*Exercise brief*: Repeat the entries without change, omitting the pictures.

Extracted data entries
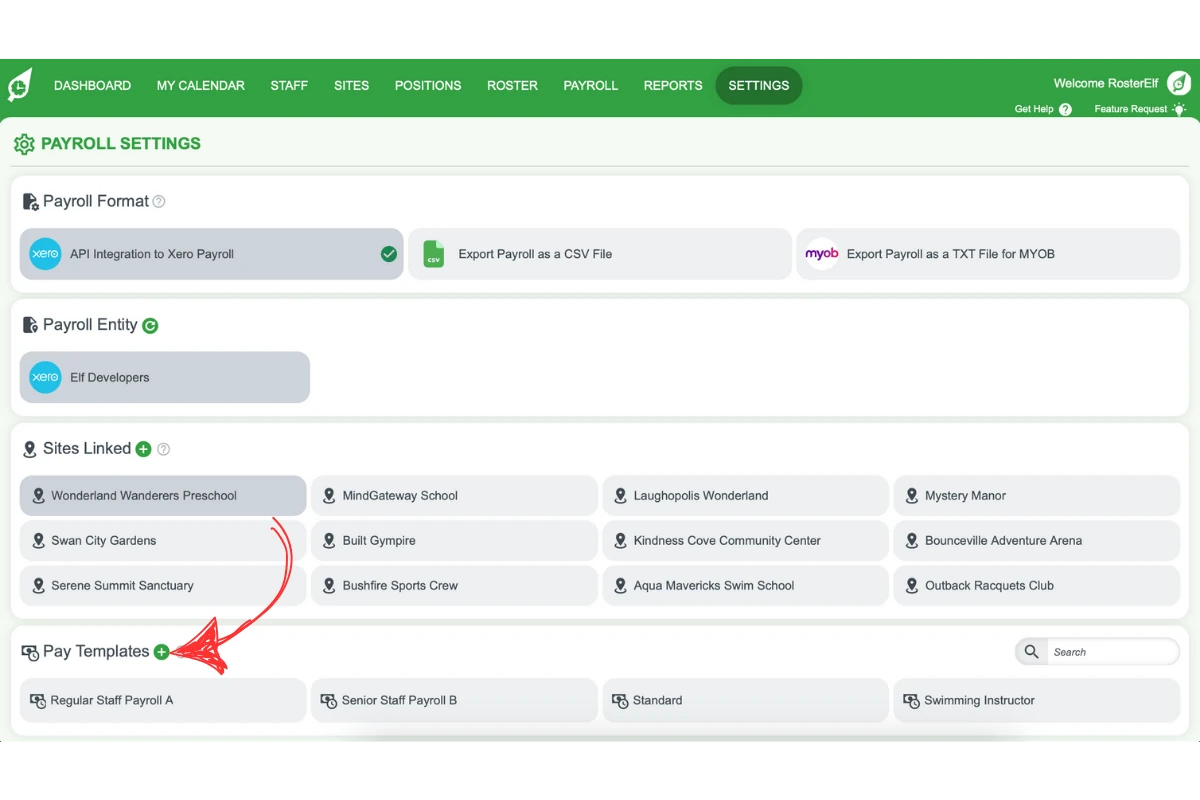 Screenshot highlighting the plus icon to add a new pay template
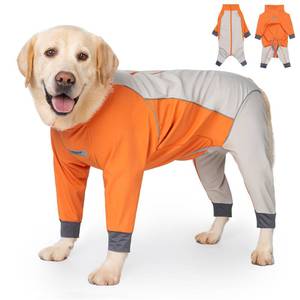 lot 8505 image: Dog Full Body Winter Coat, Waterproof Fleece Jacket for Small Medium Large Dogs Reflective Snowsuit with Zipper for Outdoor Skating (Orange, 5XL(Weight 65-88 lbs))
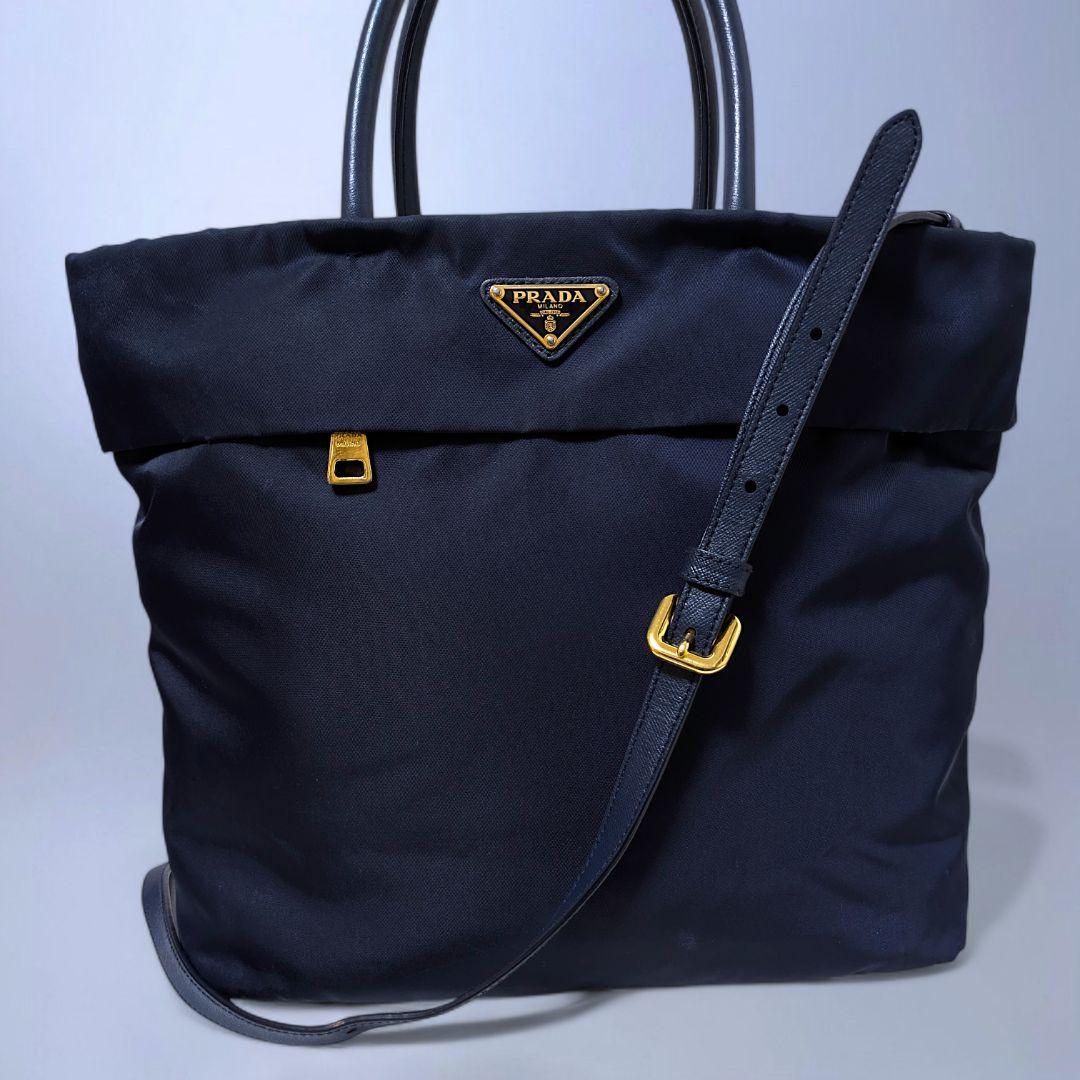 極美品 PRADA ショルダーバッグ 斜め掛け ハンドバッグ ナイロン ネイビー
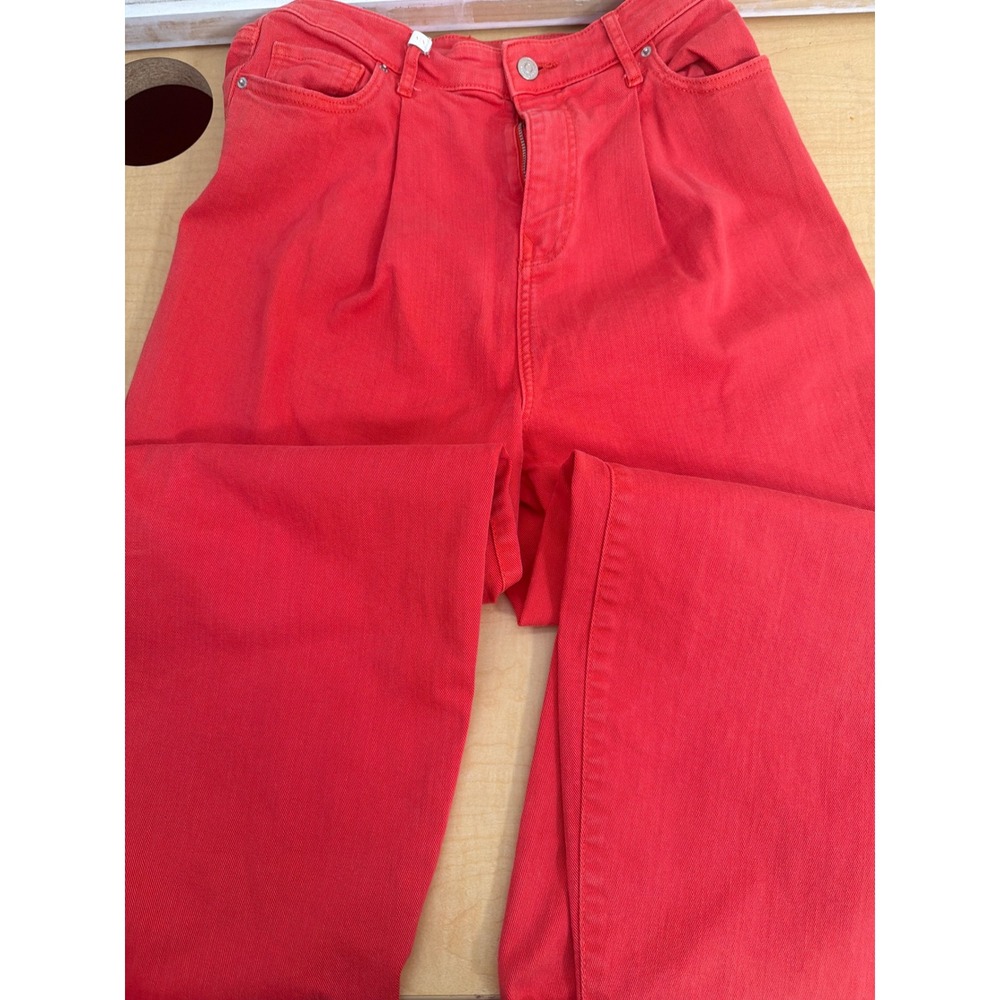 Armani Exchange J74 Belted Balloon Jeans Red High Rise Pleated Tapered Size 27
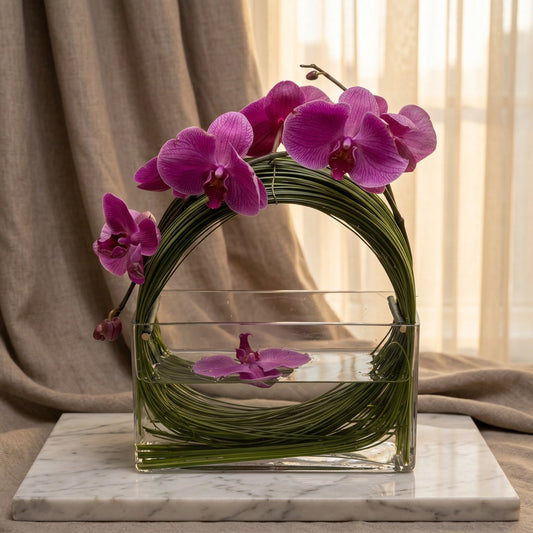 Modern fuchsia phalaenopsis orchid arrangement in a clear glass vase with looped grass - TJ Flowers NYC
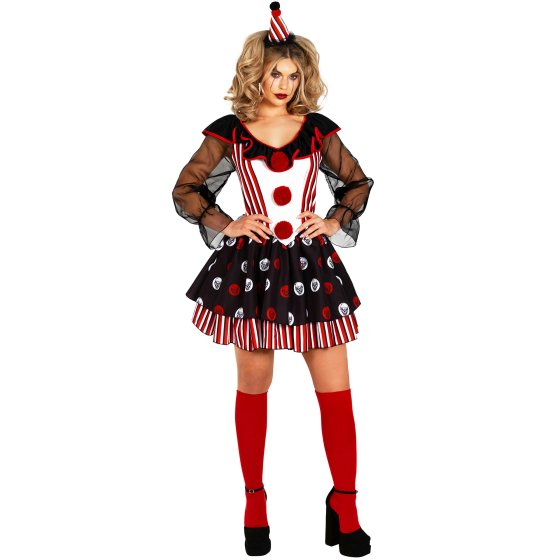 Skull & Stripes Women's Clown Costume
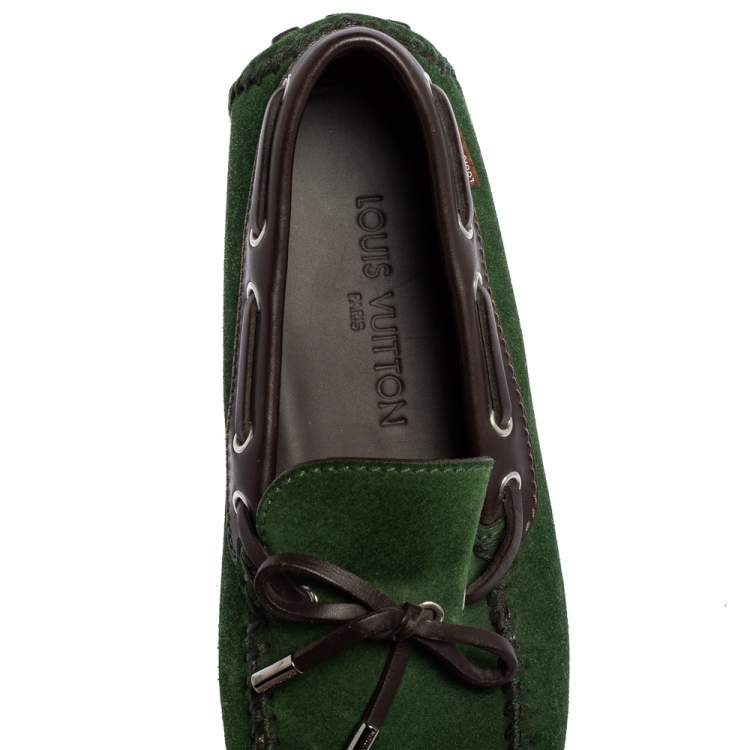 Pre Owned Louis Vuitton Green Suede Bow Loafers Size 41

*Reply*:
 Screenshot highlighting the plus icon to add a new pay template
 lot 8505 image: Dog Full Body Winter Coat, Waterproof Fleece Jacket for Small Medium Large Dogs Reflective Snowsuit with Zipper for Outdoor Skating (Orange, 5XL(Weight 65-88 lbs))
 極美品 PRADA ショルダーバッグ 斜め掛け ハンドバッグ ナイロン ネイビー
 Armani Exchange J74 Belted Balloon Jeans Red High Rise Pleated Tapered Size 27
 Modern fuchsia phalaenopsis orchid arrangement in a clear glass vase with looped grass - TJ Flowers NYC
 Skull & Stripes Women's Clown Costume
 Pre Owned Louis Vuitton Green Suede Bow Loafers Size 41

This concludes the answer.